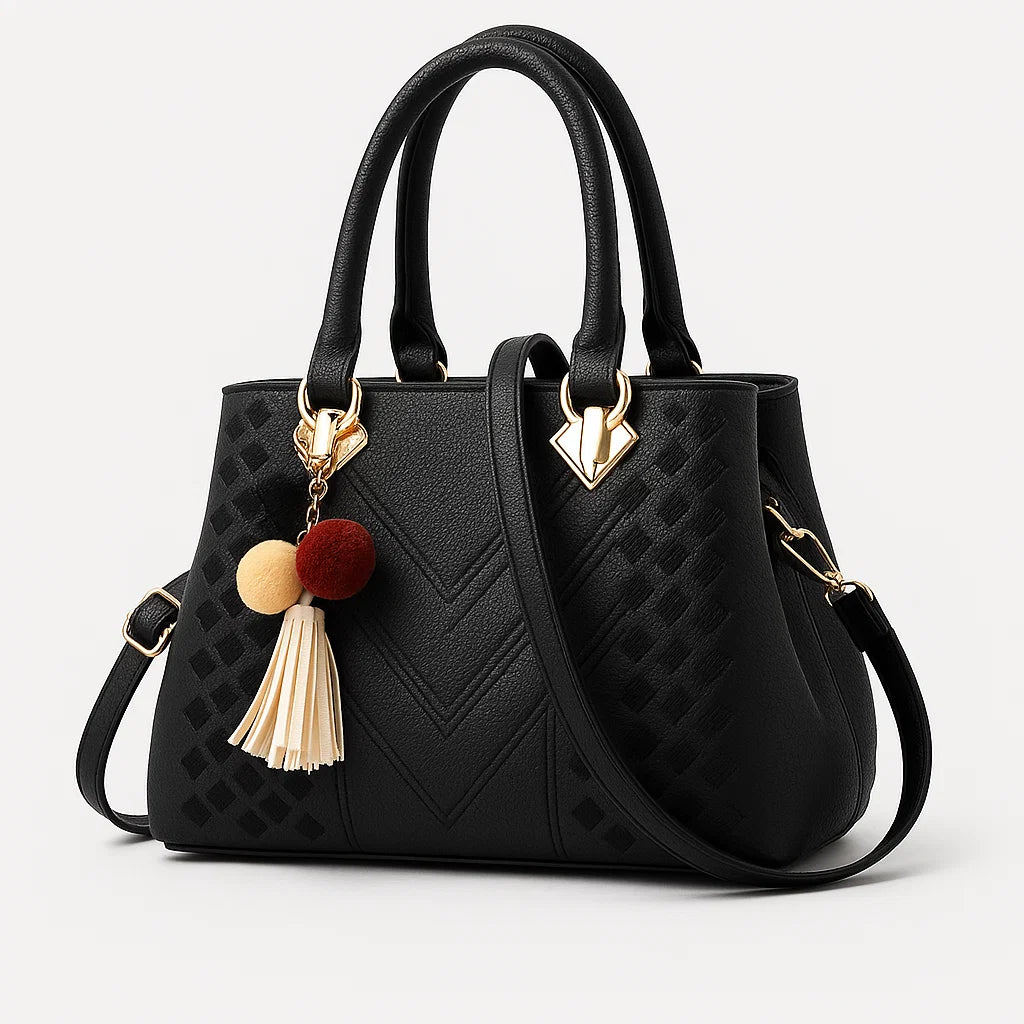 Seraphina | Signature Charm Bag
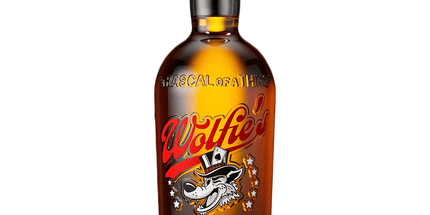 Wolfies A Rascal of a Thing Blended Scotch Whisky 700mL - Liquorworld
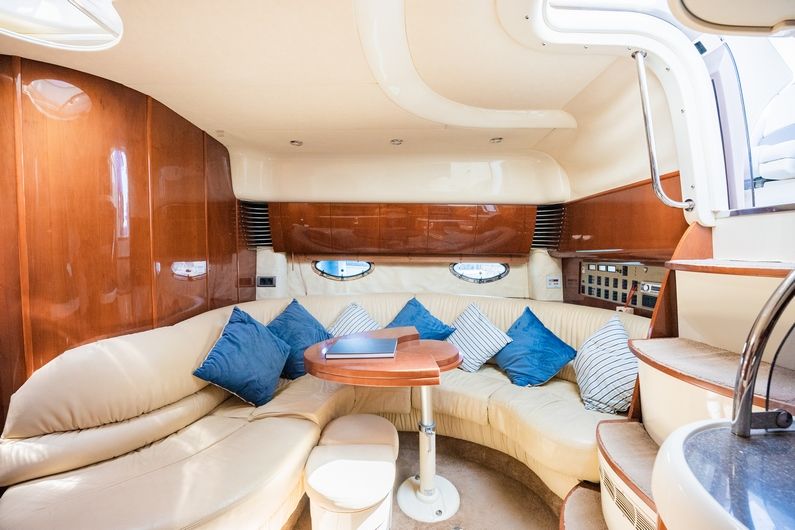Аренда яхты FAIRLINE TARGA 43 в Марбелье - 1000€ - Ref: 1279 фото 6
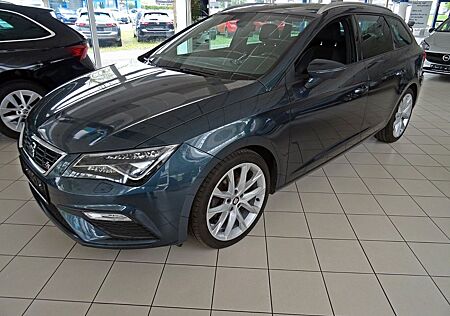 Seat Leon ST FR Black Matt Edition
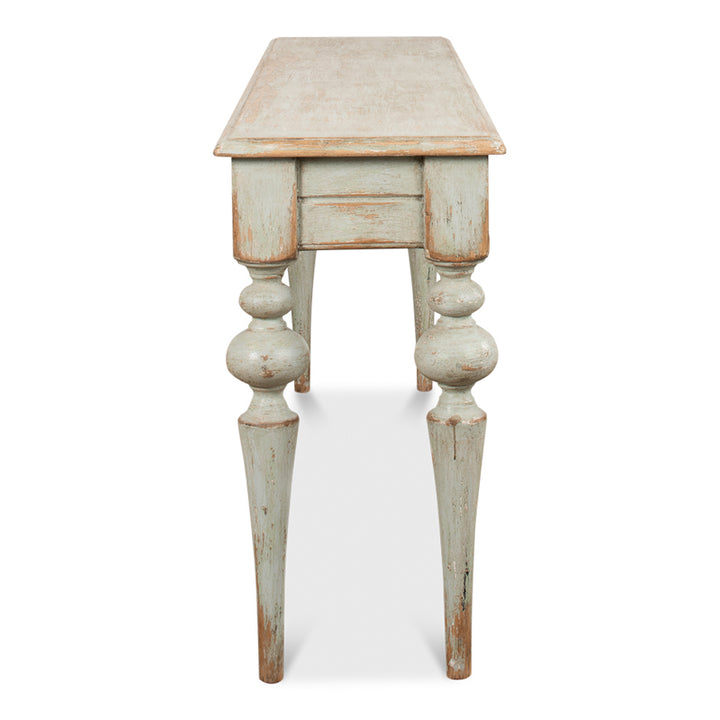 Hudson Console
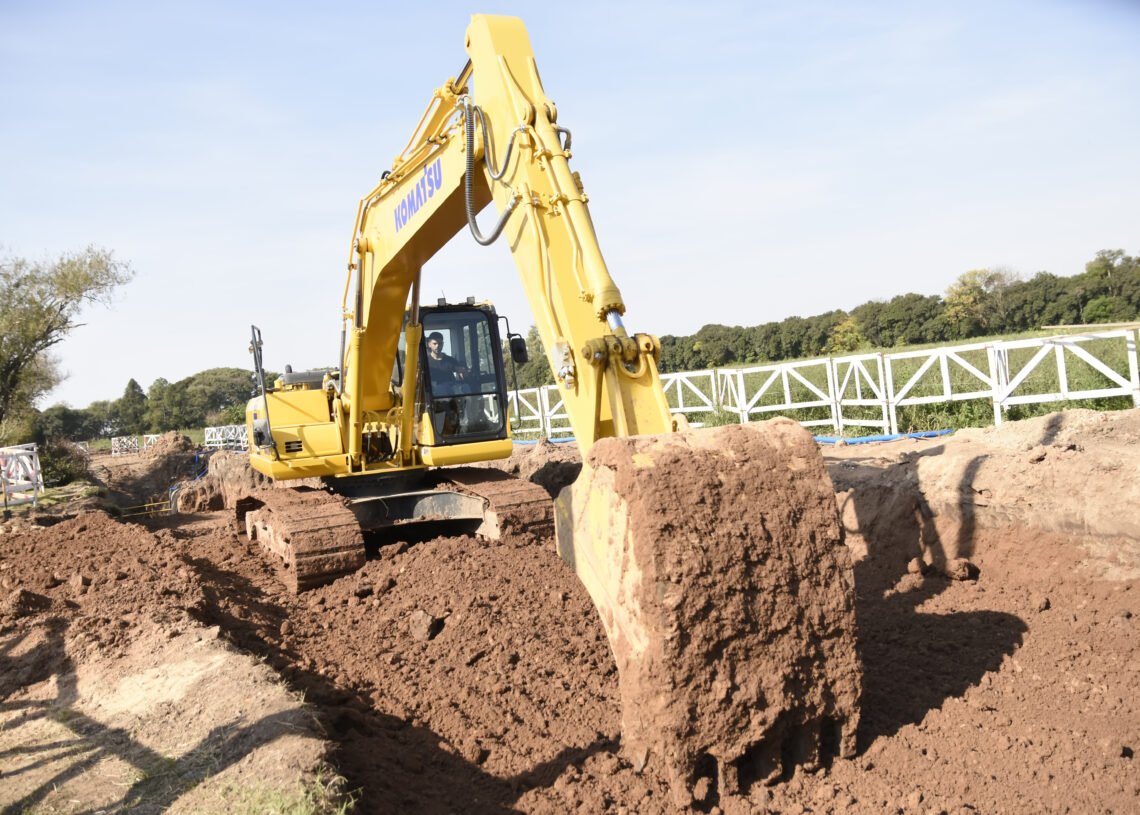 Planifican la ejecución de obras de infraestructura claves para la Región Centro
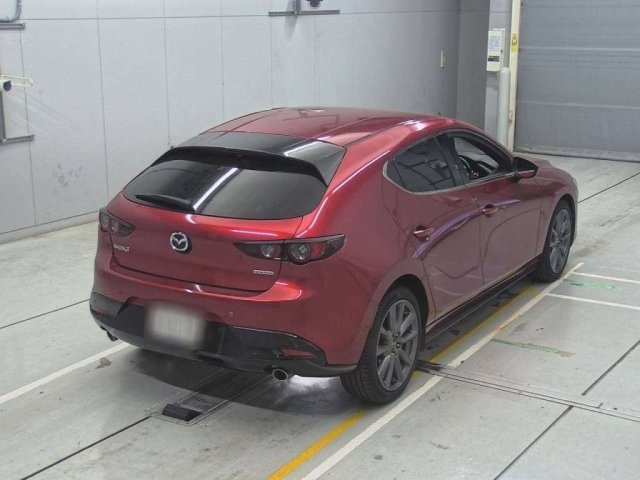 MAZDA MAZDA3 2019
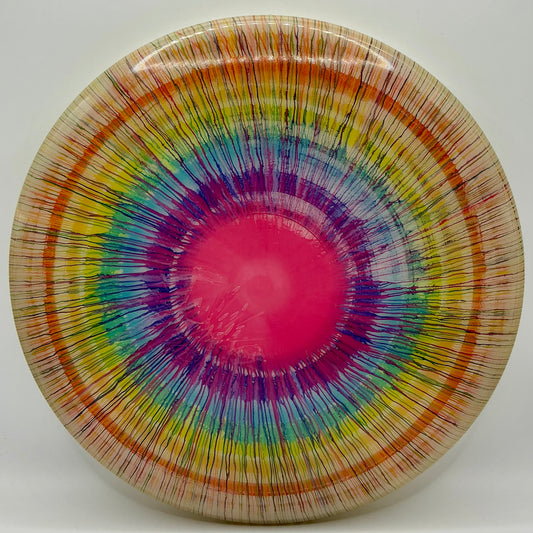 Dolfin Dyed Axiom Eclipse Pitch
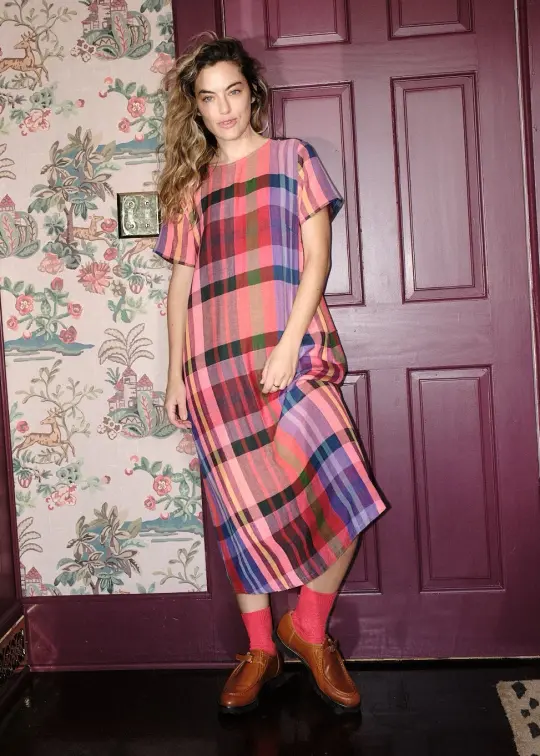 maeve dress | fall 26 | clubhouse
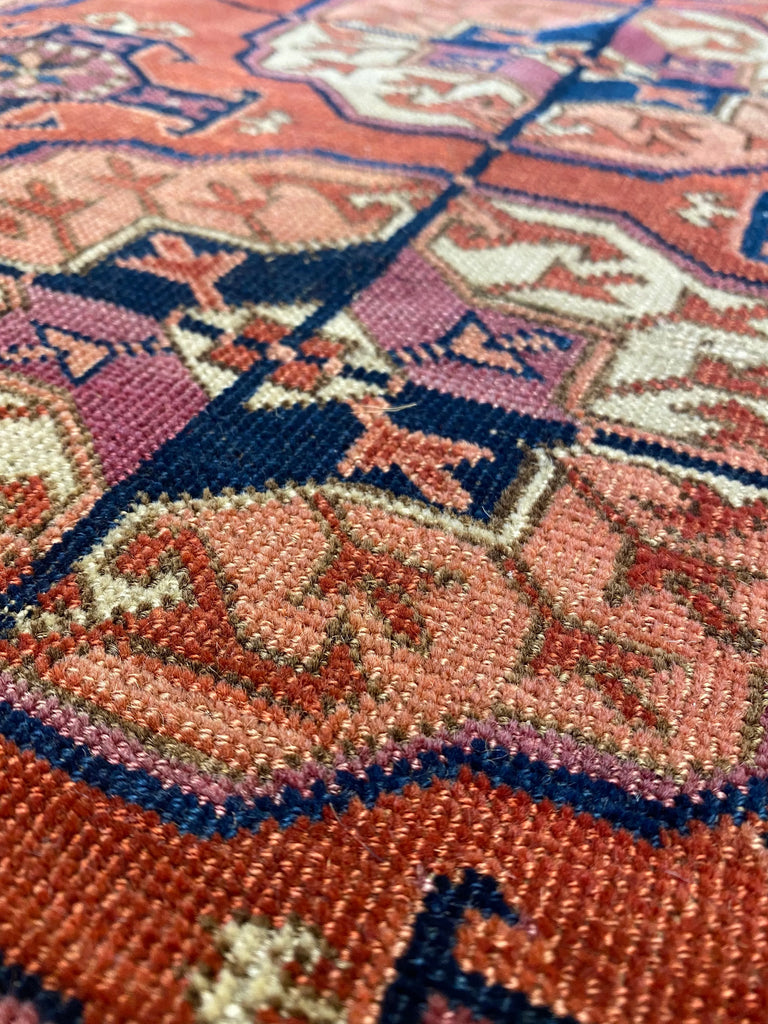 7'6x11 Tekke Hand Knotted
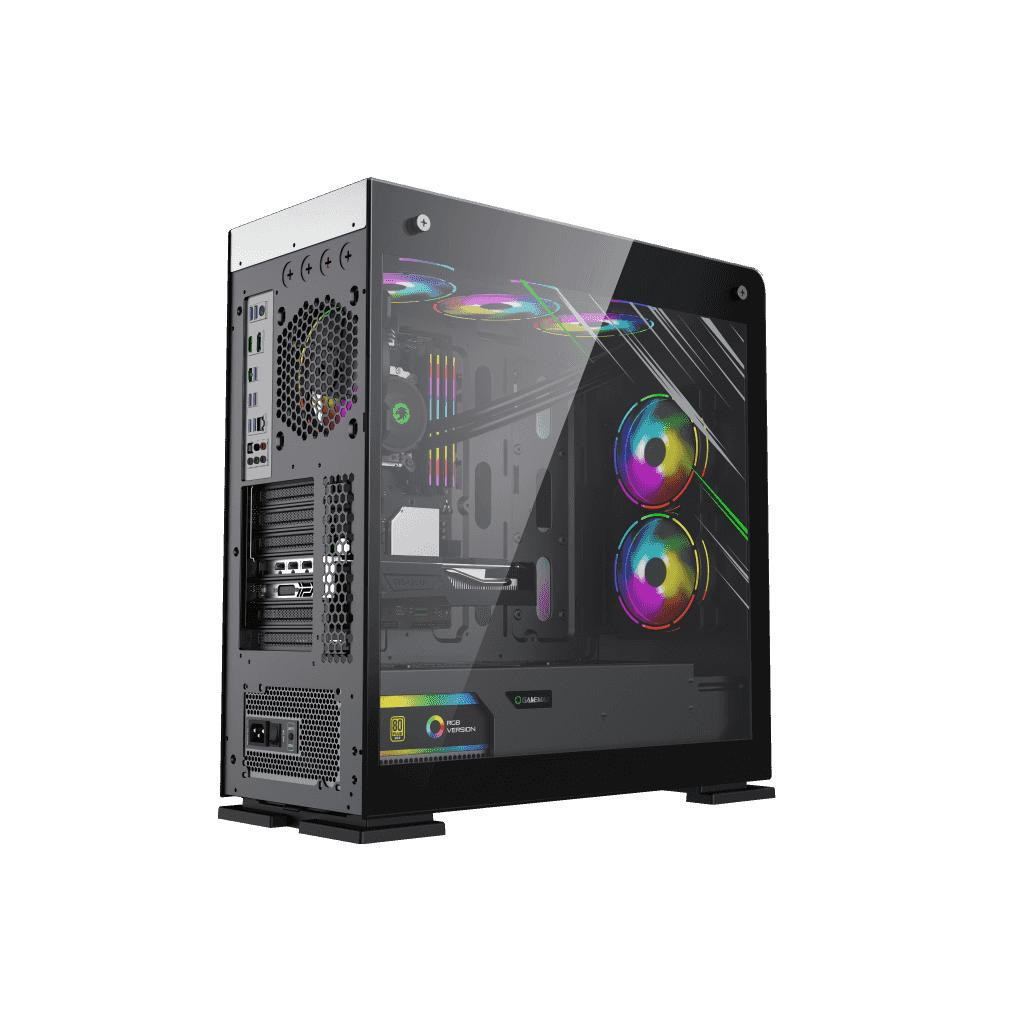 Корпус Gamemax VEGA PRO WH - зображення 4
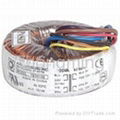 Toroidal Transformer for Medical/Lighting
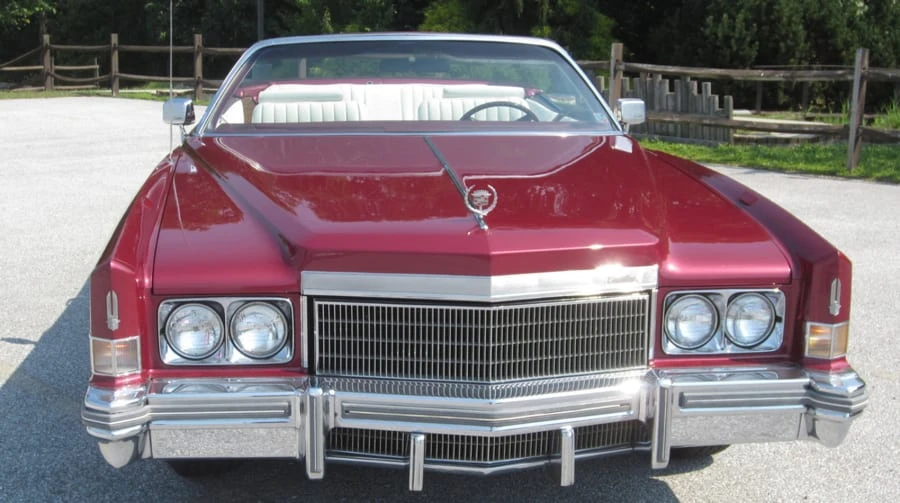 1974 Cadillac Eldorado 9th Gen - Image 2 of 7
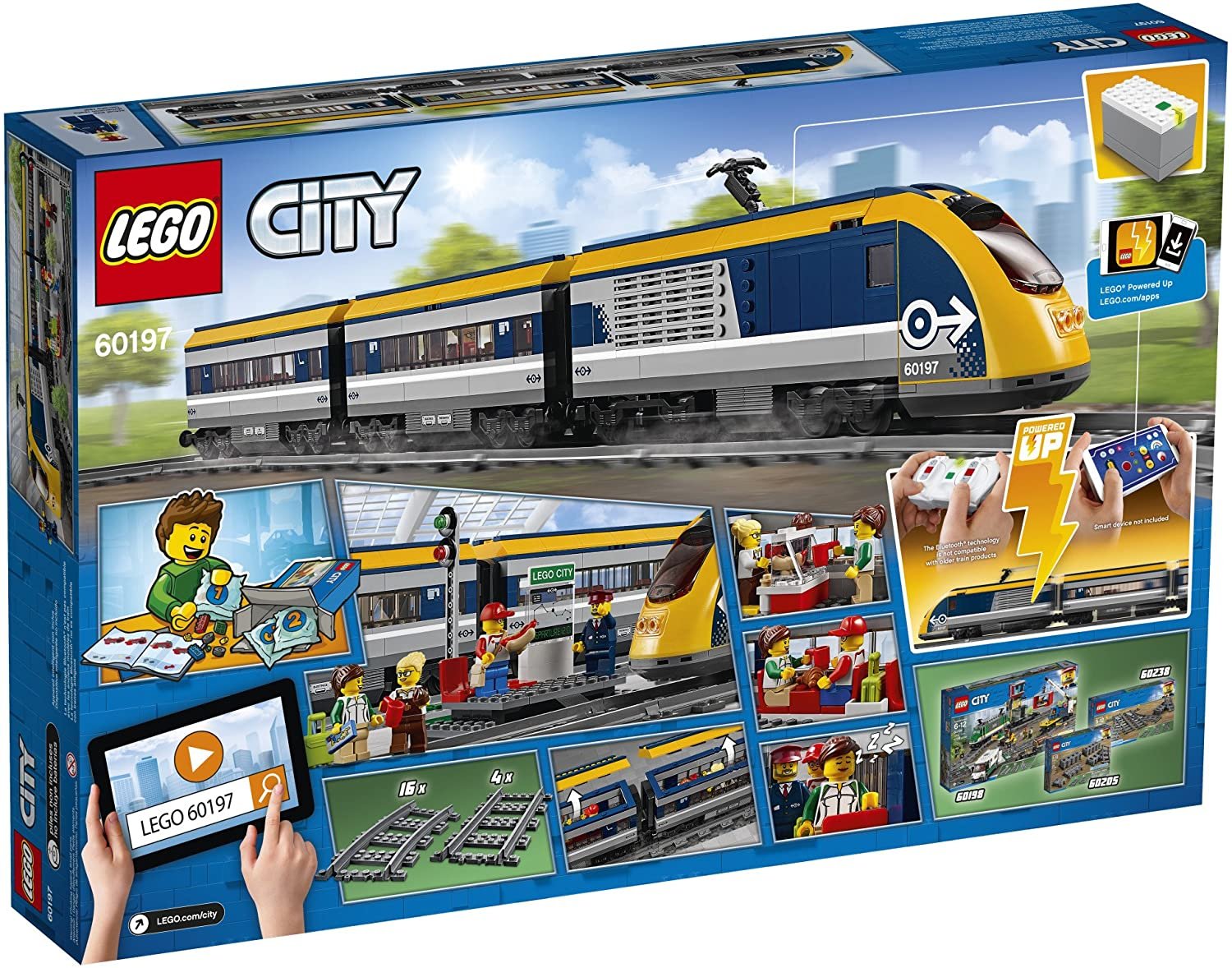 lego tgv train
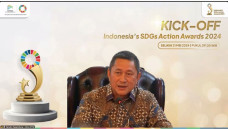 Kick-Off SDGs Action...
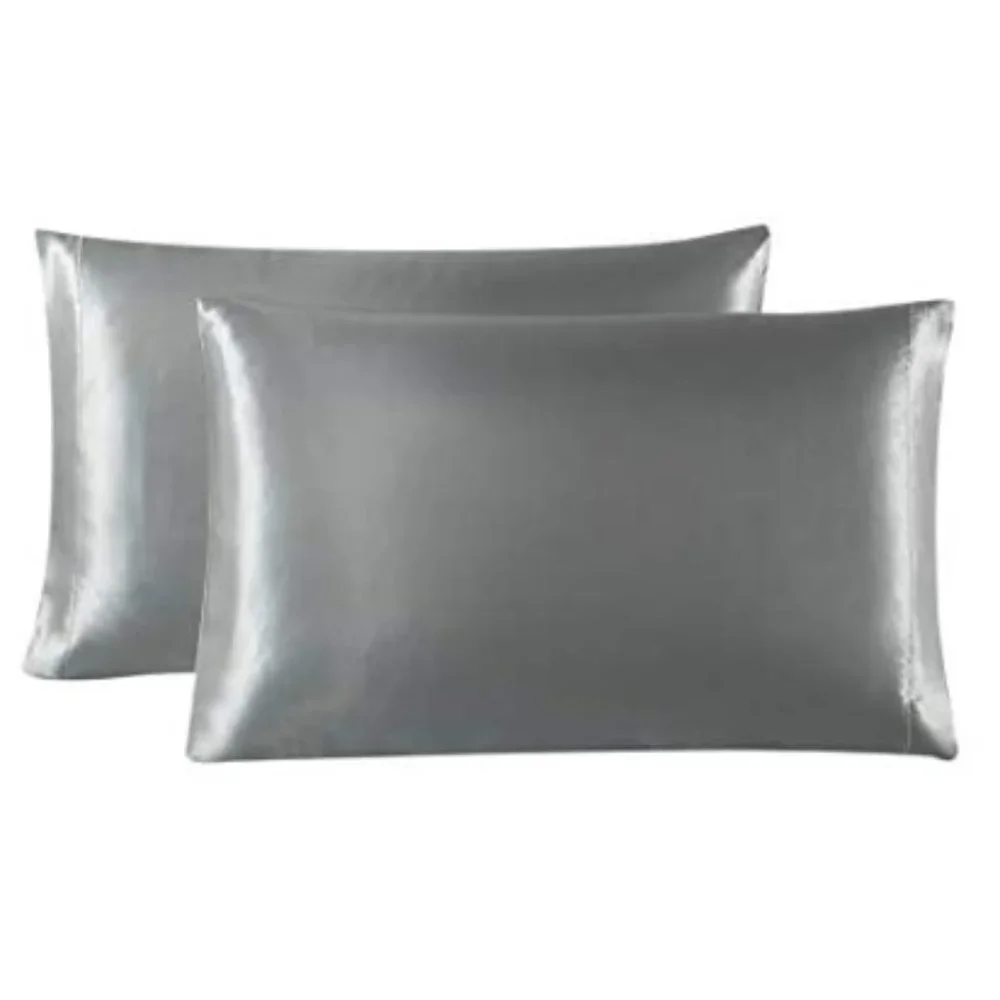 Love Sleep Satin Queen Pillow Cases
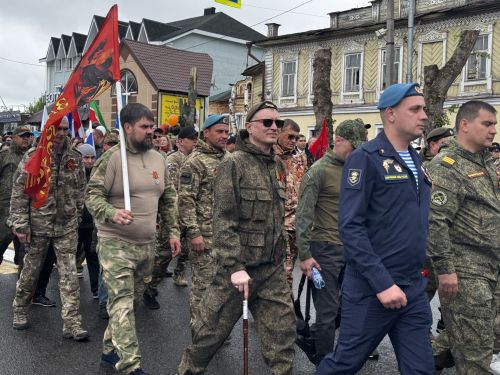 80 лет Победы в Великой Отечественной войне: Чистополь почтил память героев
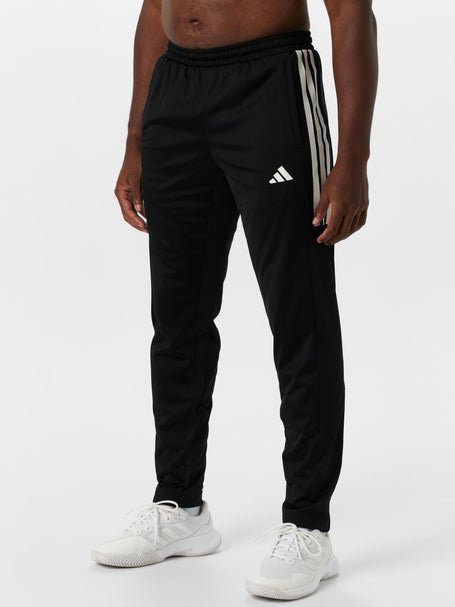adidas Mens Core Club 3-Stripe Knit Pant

━━━━━━━━━━━━━━━━━━━━

All of the listing above must be output exactly, except for its pictures.

_Result of the task_:
 Seraphina | Signature Charm Bag
 Wolfies A Rascal of a Thing Blended Scotch Whisky 700mL - Liquorworld
Аренда яхты FAIRLINE TARGA 43 в Марбелье - 1000€ - Ref: 1279 фото 6
 Seat Leon ST FR Black Matt Edition
 Hudson Console
 Planifican la ejecución de obras de infraestructura claves para la Región Centro
 MAZDA MAZDA3 2019
 Dolfin Dyed Axiom Eclipse Pitch
 maeve dress | fall 26 | clubhouse
 7'6x11 Tekke Hand Knotted
 Корпус Gamemax VEGA PRO WH - зображення 4
 Toroidal Transformer for Medical/Lighting
 1974 Cadillac Eldorado 9th Gen - Image 2 of 7
 lego tgv train
 Kick-Off SDGs Action...
 Love Sleep Satin Queen Pillow Cases
 80 лет Победы в Великой Отечественной войне: Чистополь почтил память героев
adidas Mens Core Club 3-Stripe Knit Pant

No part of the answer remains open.